The Court did not discuss the merits of the case – the sole issue was “standing.”  In our court system, standing asks the question “who are you to bring this lawsuit?”  Our laws generally do not permit a person to bring a lawsuit unless they have some pretty direct connection to the issues.  In addition, towns in Wisconsin are statutorily blocked from challenging direct unanimous annexations.  Thus the court dismissed the Town’s action for lack of standing on statutory grounds, and dismissed the Sanitary District’s action for lack of an interest in the matter.

Although this was not the Court’s holding, the unwritten bottom line appears to be that if a unanimous group of property owners and residents want to be annexed and the city or village is in favor of it, with only limited exceptions, it’s probably going to happen.

Good Faith Ignorance of Clerk’s Duties is No Excuse – And Can Be Costly for Municipality re Public Records Requests

Monday, July 22nd, 2013

I’ll put the bottom line at the top – if your municipality gets a request for documents or other records, you must take action.  And if you have any reason whatever to think you will delay or deny the request, contact an attorney familiar with the public records law.

The facts of this case, James L. Webster v.

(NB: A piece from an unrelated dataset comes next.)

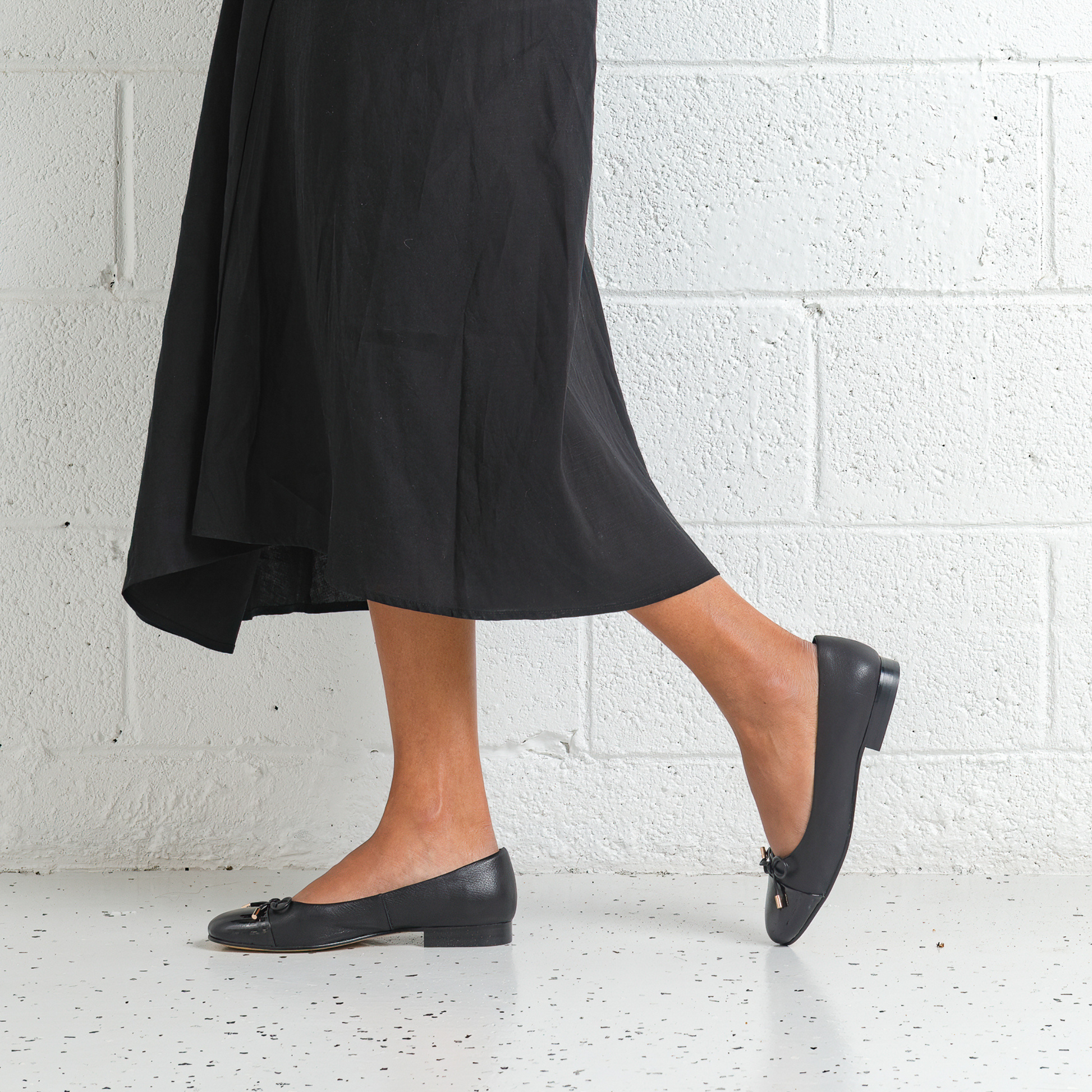 Ildiko Black Patent/ Black Leather Ballet Flats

Township of Spruce,  are not really in dispute, or particularly important to the holding.  An attorney named James Webster asked a local clerk for some documents related to a park, which he felt was being mismanaged.  The Clerk arranged for Webster to see some of the documents, and Webster asked for more.  In the end, the Clerk, apparently inadvertently, denied some of Webster’s requests, and told Webster to direct all further communication to the Town attorney.  Webster sued, and the circuit court, apparently sympathetic to a part-time clerk who did not know the rules for records requests, essentially said that Webster had now essentially gotten what he was after and the court did not rule against the Town.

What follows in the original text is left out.